[Short web captions]
════

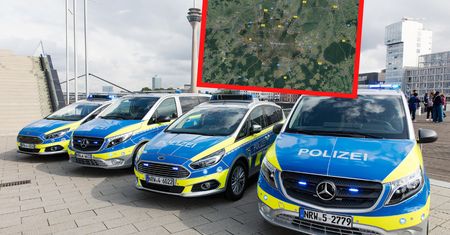 18-letni Polak zgwałcony w Niemczech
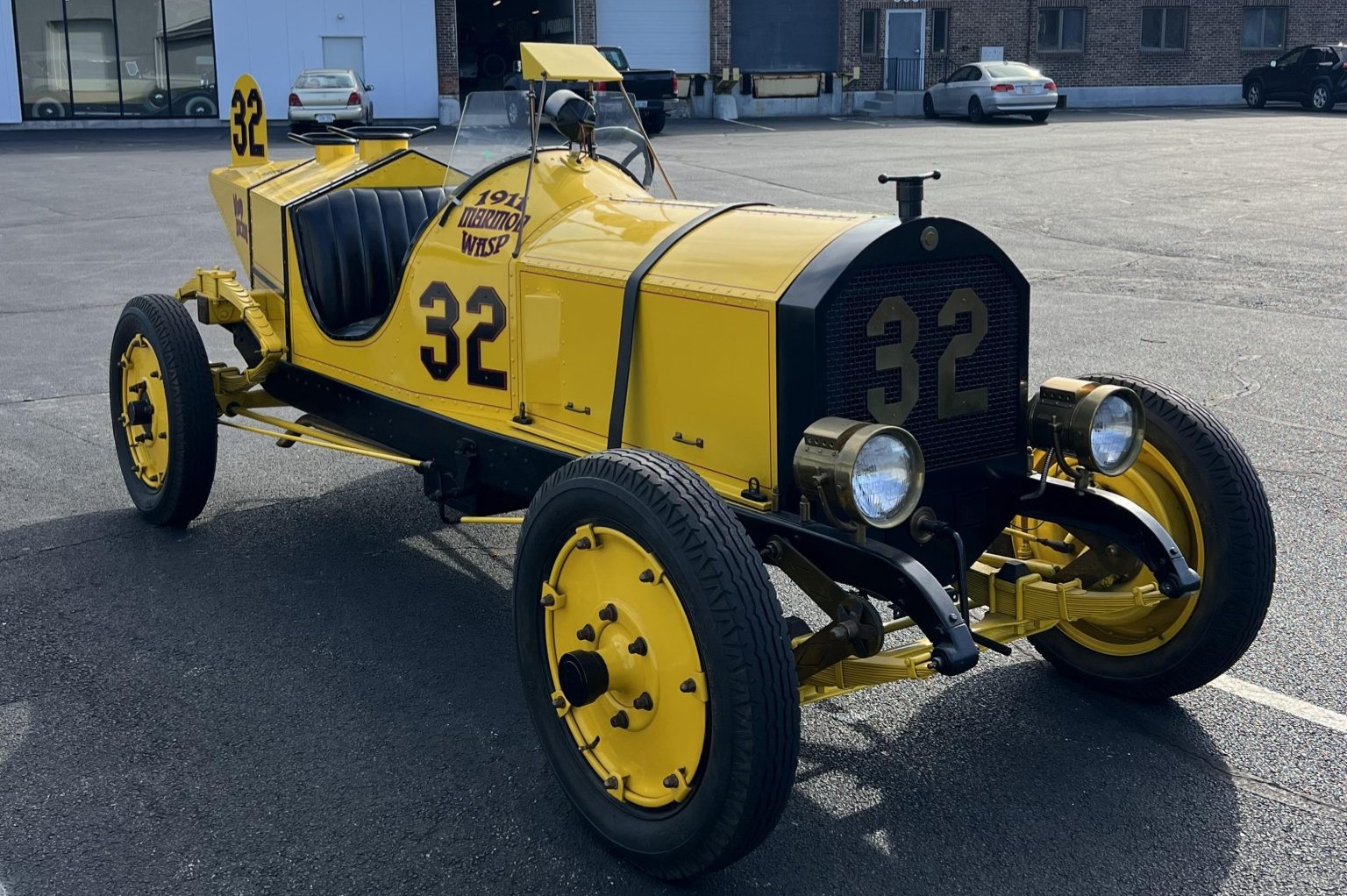 Marmon Wasp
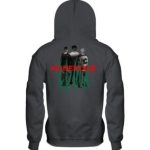 Keinemusik Cdmx Men Hoodie – Black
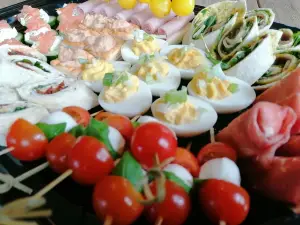 Lunchroom 't Veurhuus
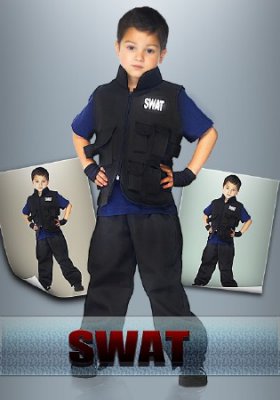     photoshop -  swat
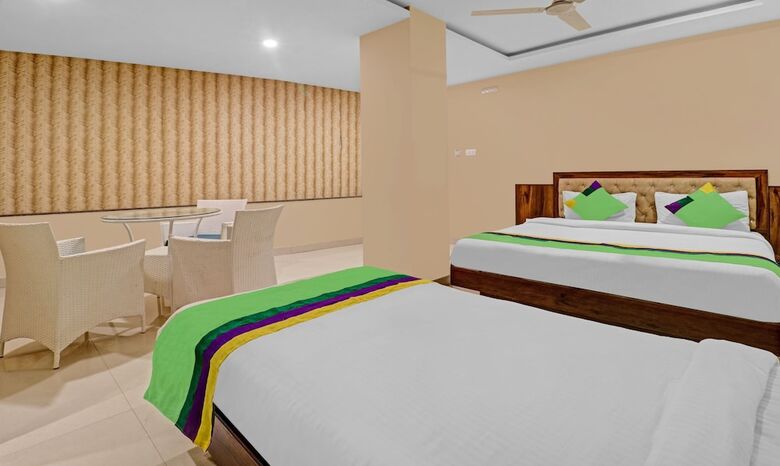 Hotel Treebo Krishnam Boutique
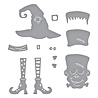 Spellbinders Let's Be Frank Etched Dies (S4-1138) (OUTLET) Spellbinders Let's Be Frank Etched Dies (S4-1138) (OUTLET)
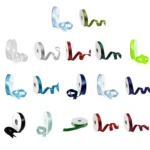 2.5cm X 91m Polyester Ribbon Gift Packaging Cake Wedding Decoration Ribbon - Image 2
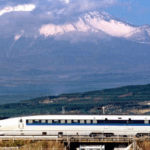 Japan bullet train safety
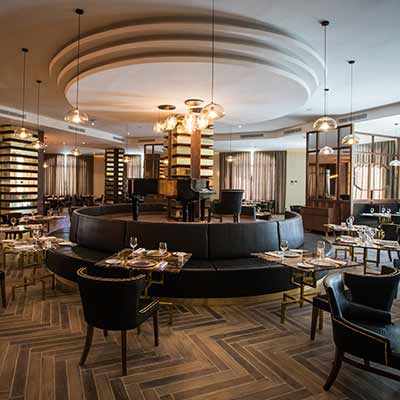 Restaurante L’Essence majestic mirage punta cana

════

§ **ABOUT THIS EXERCISE**: Your reply should repeat the entries above exactly, leaving the pictures out.

§ **RESULT OF THIS EXERCISE**:
 18-letni Polak zgwałcony w Niemczech
 Marmon Wasp
 Keinemusik Cdmx Men Hoodie – Black
 Lunchroom 't Veurhuus
     photoshop -  swat
 Hotel Treebo Krishnam Boutique
 Spellbinders Let's Be Frank Etched Dies (S4-1138) (OUTLET) Spellbinders Let's Be Frank Etched Dies (S4-1138) (OUTLET)
 2.5cm X 91m Polyester Ribbon Gift Packaging Cake Wedding Decoration Ribbon - Image 2
 Japan bullet train safety
 Restaurante L’Essence majestic mirage punta cana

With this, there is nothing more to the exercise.